So ads tell me that Scott Stapp of Creed (or ex- of Creed: I don’t know or care) is going to be performing in town in a week or so. Until I saw those ads, I hadn’t realized that I had been confusing him and his band with Travis Meeks and Days of the New. This distinction among egomaniacal leaders of incredibly crappy bands is probably the most useless piece of information I now know.
Anyway: Creed has a specially carved-out hellish little cell in the most pestilential regions of my heart, because they’re the band that became the golden apple in the eye of whatever their label was called…and thereby doomed the Wrens, formerly on that same label under its earlier incarnation as Grass Records, to several years wandering in the Jersey desert. (My knowledge of New Jersey geographical features is only marginally more keen than my knowledge of crap bands.) Actually, that’s not the real problem: the real problem is that this label also refuses to either rerelease the first few Wrens albums or sell rights to them, having impacted same up their Creed-relishing bungholes.
So here’s a track each from those first two, big-buck eBay-bait albums, Silver and Secaucus, along with a track from the apparently-still-going-to-eventually-be-reissued-with-bonus-tracks EP Abbott 1135 (not on that label). From Silver, here’s an early example of the Wrens’ mastery of texture, “Strange as Family.” While in the context of some of Silver‘s other tracks, which maybe owe a bit too much to bug-eyed Pixies influence, this track is somewhat restrained, it still contrasts those moments of aggression with some real delicacy like the closing piano bit (note Wrens’ typical discord, patent pending).

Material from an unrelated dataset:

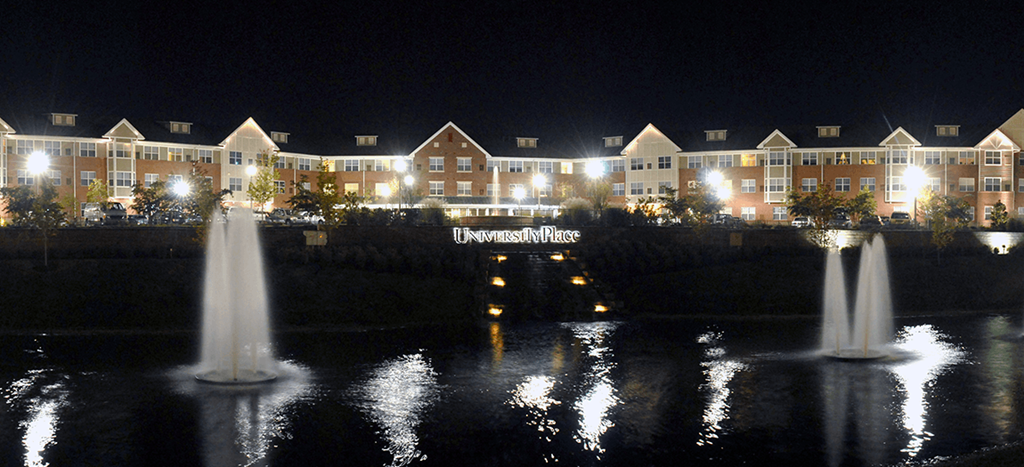 a night view of the Senior Living at University Place apartment building with water fountains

From Secaucus, here’s the heartbreaking “Won’t Get Too Far.” For me its despondency is enhanced by the guitar parts, which sound to me as if they were recorded several keys higher and correspondingly faster and then tape-slowed for that murky effect. Plus, you can actually understand the lyrics for once: Wrens tend to sing out the sides of their mouths, often sounding as if they’re chewing gum at the same time or something. Half the time, even with lyrics in front of me I can barely make them out. (See “Strange as Family” above: for a gold star, pick out the phrase “johns the greater”…or this entry’s titular phrase.)
“I Guess We’re Done” is one of the most famous Wrens songs, even if relatively underheard given Abbott 1135‘s scarcity, since it’s referenced in couple of other lyrics (notably “Boys, You Won’t”). Somewhere someone is probably writing a dissertation on the “conceptual continuity” (to borrow Zappa’s phrase) in Wrens songs – I’ll note only that the bridge mentioned in this song’s lyrics (“shots of Dad’s bridge still on the fridge”) is presumably the same bridge whose presence forms the central metaphor of “Won’t Get Too Far.” Some day I should sit down and figure out all the chords to this one (I’ll need a lot of paper) – in particular, the modulation from the opening into the first verse is a thing of wonder. Overall the song feels like a ’50s ballad turned sideways: phrases extend a little longer than you’d expect, wander through neighboring chords like those interesting shortcuts you might take that aren’t really shortcuts but are more interesting than the direct route…and then there’s that bridge (not the one on the fridge) which, aptly, sounds as if flown in from another song entirely until it, too, slithers through a serpentine modulation back to the main chord sequence. Plus…tubular bells!